## Problem description
Your task is to retype every entry exactly while omitting the pictures.

++++ Material for this exercise ++++

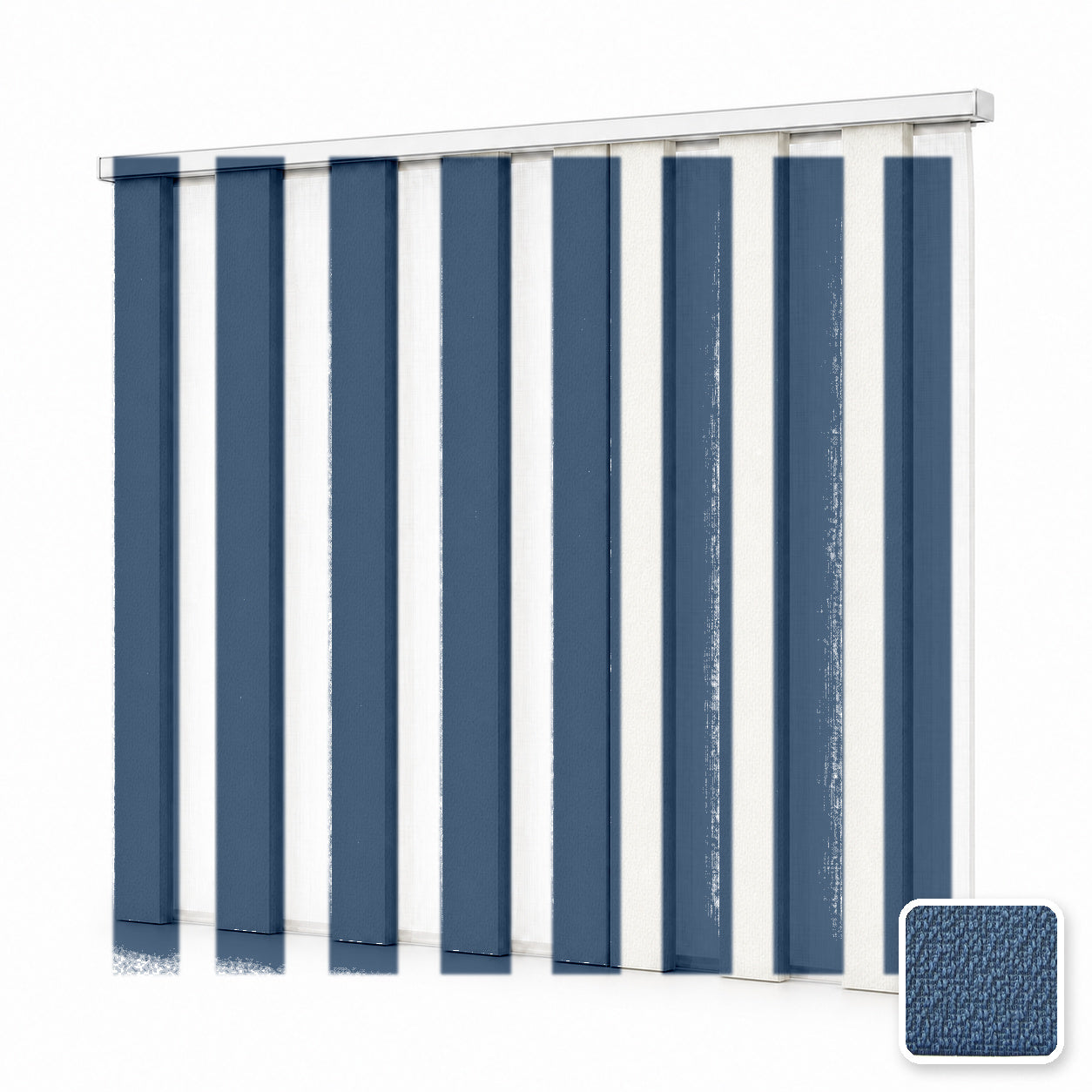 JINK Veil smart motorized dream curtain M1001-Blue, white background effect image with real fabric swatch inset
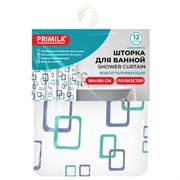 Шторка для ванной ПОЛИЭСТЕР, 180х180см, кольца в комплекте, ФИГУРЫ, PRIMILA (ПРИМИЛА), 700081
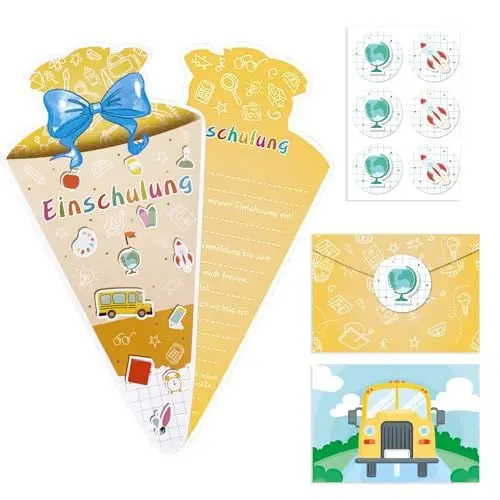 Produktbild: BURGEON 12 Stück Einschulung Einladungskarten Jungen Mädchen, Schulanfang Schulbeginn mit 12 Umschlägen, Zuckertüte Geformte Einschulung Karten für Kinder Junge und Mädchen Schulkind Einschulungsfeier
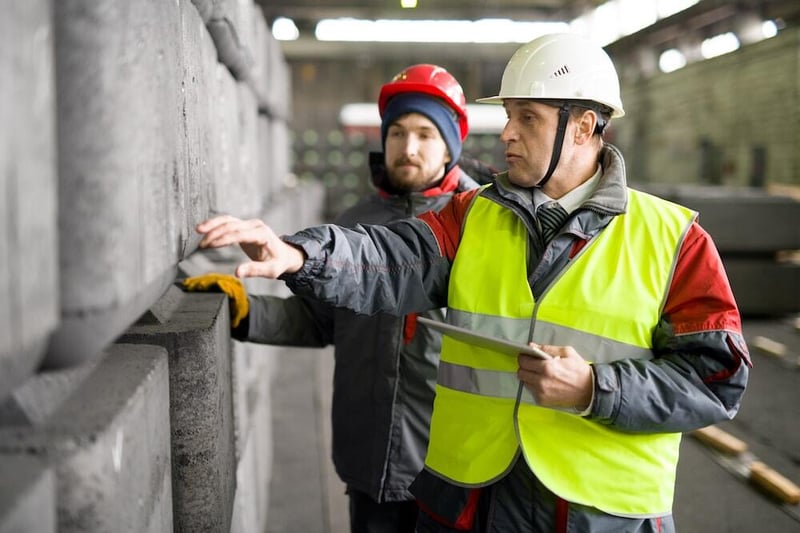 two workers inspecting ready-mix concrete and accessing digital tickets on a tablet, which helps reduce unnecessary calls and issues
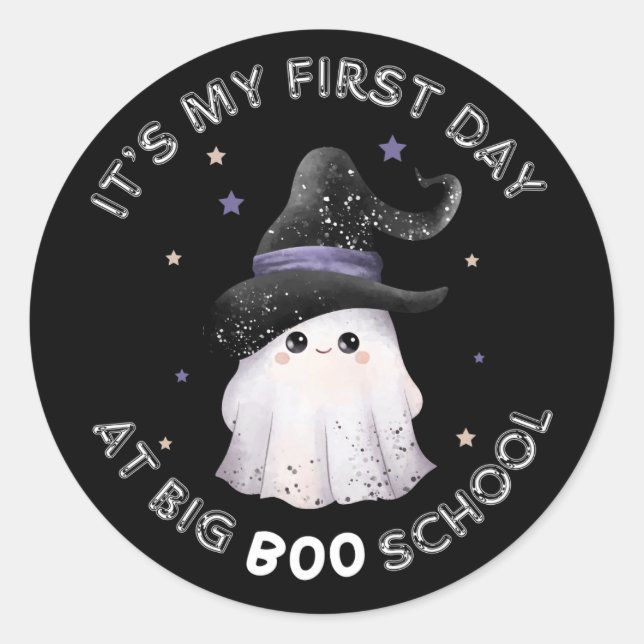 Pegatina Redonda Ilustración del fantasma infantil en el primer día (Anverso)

++++

## Answer space
 JINK Veil smart motorized dream curtain M1001-Blue, white background effect image with real fabric swatch inset
 Шторка для ванной ПОЛИЭСТЕР, 180х180см, кольца в комплекте, ФИГУРЫ, PRIMILA (ПРИМИЛА), 700081
 Produktbild: BURGEON 12 Stück Einschulung Einladungskarten Jungen Mädchen, Schulanfang Schulbeginn mit 12 Umschlägen, Zuckertüte Geformte Einschulung Karten für Kinder Junge und Mädchen Schulkind Einschulungsfeier
 two workers inspecting ready-mix concrete and accessing digital tickets on a tablet, which helps reduce unnecessary calls and issues
 Pegatina Redonda Ilustración del fantasma infantil en el primer día (Anverso)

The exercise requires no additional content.